=== MATERIAL SUPPLIED ===
══════════
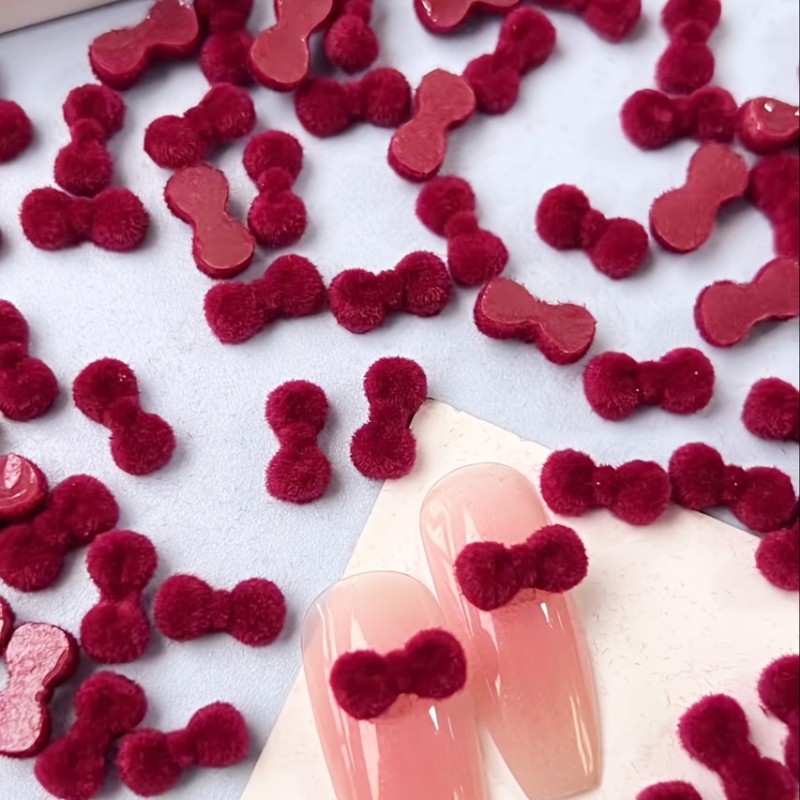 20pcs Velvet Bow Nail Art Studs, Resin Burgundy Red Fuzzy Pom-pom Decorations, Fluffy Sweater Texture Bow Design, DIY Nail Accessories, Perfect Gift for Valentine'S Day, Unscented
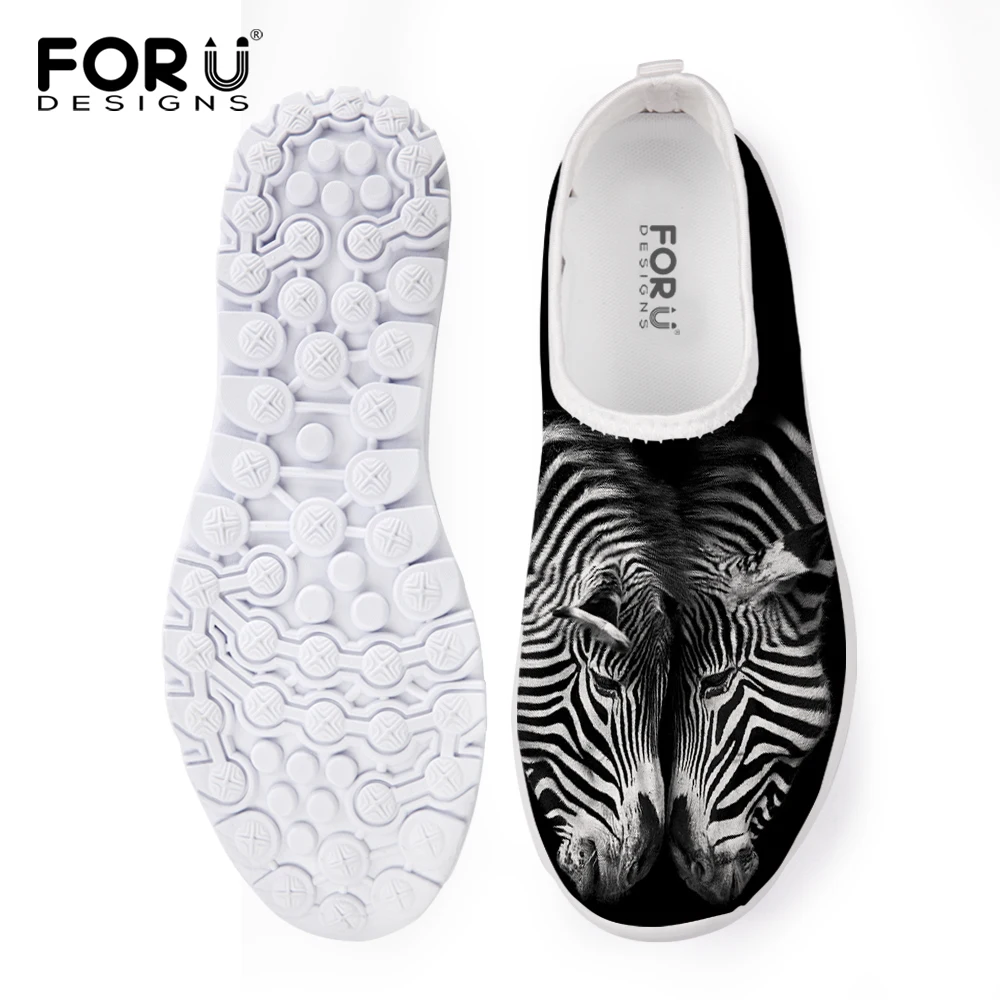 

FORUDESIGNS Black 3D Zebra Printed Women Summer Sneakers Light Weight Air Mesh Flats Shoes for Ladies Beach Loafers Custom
══════════
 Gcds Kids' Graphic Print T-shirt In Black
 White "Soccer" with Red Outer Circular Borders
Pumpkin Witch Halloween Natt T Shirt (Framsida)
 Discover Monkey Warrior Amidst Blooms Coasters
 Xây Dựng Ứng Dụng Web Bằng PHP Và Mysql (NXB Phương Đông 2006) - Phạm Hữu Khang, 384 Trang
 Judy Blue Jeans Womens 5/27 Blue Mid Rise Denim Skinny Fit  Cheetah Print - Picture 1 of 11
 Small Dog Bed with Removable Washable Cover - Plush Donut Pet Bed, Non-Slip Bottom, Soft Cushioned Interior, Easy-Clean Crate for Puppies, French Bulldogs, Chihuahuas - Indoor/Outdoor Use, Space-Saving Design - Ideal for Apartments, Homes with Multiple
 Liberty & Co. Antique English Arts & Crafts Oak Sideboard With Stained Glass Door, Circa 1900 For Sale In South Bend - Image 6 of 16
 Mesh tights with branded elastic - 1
══════════
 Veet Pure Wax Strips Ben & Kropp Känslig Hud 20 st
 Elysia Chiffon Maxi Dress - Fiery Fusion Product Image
══════════
=== WHAT IS REQUIRED ===
When you reach the line holding "Small Dog Bed" in the records above, begin reproducing exactly, stop after the line holding "Mesh tights with branded elastic - 1", and output nothing else.

=== SOLUTION TO THIS EXERCISE ===
 Small Dog Bed with Removable Washable Cover - Plush Donut Pet Bed, Non-Slip Bottom, Soft Cushioned Interior, Easy-Clean Crate for Puppies, French Bulldogs, Chihuahuas - Indoor/Outdoor Use, Space-Saving Design - Ideal for Apartments, Homes with Multiple
 Liberty & Co. Antique English Arts & Crafts Oak Sideboard With Stained Glass Door, Circa 1900 For Sale In South Bend - Image 6 of 16
 Mesh tights with branded elastic - 1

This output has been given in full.